Décennie postrévolutionnaire : entre liberté et instrumentalisation
Toutefois, cette ouverture législative s’est heurtée au réel. D’abord, des magistrats ont continué à avoir recours à d’autres dispositions plus liberticides consignées dans le code pénal (par exemple l’outrage à agent public ou l’offense contre le chef de l’Etat), le code des communications ou encore celui de la justice militaire. Ensuite, la troïka , a mis près d’un an et demi avant d’appliquer cette législation promulguée après les élections d’octobre 2011 et avant l’installation du nouvel exécutif.
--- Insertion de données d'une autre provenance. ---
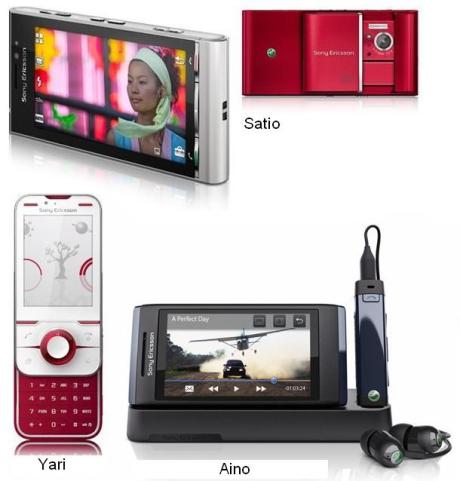 sony-ericsson-satio-yari-aino sony-ericsson-satio-yari-aino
Deux composantes de l’alliance gouvernementale, Ennahda et le CPR, se sont lancées dans des tentatives de mise au pas des médias jugés hostiles. Sous couvert de « purification » des organes gangrénés par la corruption et l’ancien régime, le pouvoir organise – directement ou via des milices qui lui sont proches – des opérations d’intimidation. Enfin, après avoir réclamé à cor et à cri la mise en place d’une autorité de régulation, certains patrons de médias sont partis en croisade contre la HAICA à chaque fois où elle a tenté d’instaurer des règles ou à faire respecter la législation en place. Le personnage le plus emblématique de cette fronde est Nabil Karoui, le patron de la chaîne privée Nessma. Cet homme d’affaires, qui a pu s’adapter à tous les régimes, voit d’un mauvais œil qu’une instance vienne s’ingérer dans ses affaires. Il engage un premier bras de fer quand la HAICA conditionne le maintien des licences des chaînes privées au respect du nouveau cahier des charges qu’elle vient de publier afin de se mettre en adéquation avec le nouveau cadre législatif. Des plateaux télévisés à sens unique sont organisés par la chaîne afin de dénoncer la « censure » de la HAICA. Le bras de fer se poursuit durant la campagne électorale de 2014. Il faudra une médiation de la centrale syndicale UGTT pour que Karoui accepte de se soumettre au nouveau cahier des charges. La chaîne islamiste Zitouna TV opposera la même résistance.
Les décrets-lois issus de la première phase de transition démocratique avaient vocation à être remplacés par des lois pérennes, votées par un Parlement souverain. La Loi fondamentale de 2014 prévoit la création d’une Instance de communication audiovisuelle (ICA) censée prendre le relai de la HAICA. Pour éviter toute vacance, cette dernière est protégée par les dispositions transitoires. Alors que le quinquennat 2014-2019 avait pour première mission la mise en place des institutions permanentes issues de la nouvelle Constitution, les parlementaires ont échoué à installer l’ICA, tandis que la HAICA peine de plus en plus à faire exécuter ses décisions, notamment la fermeture des chaines Nessma, Zitouna TV et de la radio du Saint Coran, toutes en infraction avec la législation en cours.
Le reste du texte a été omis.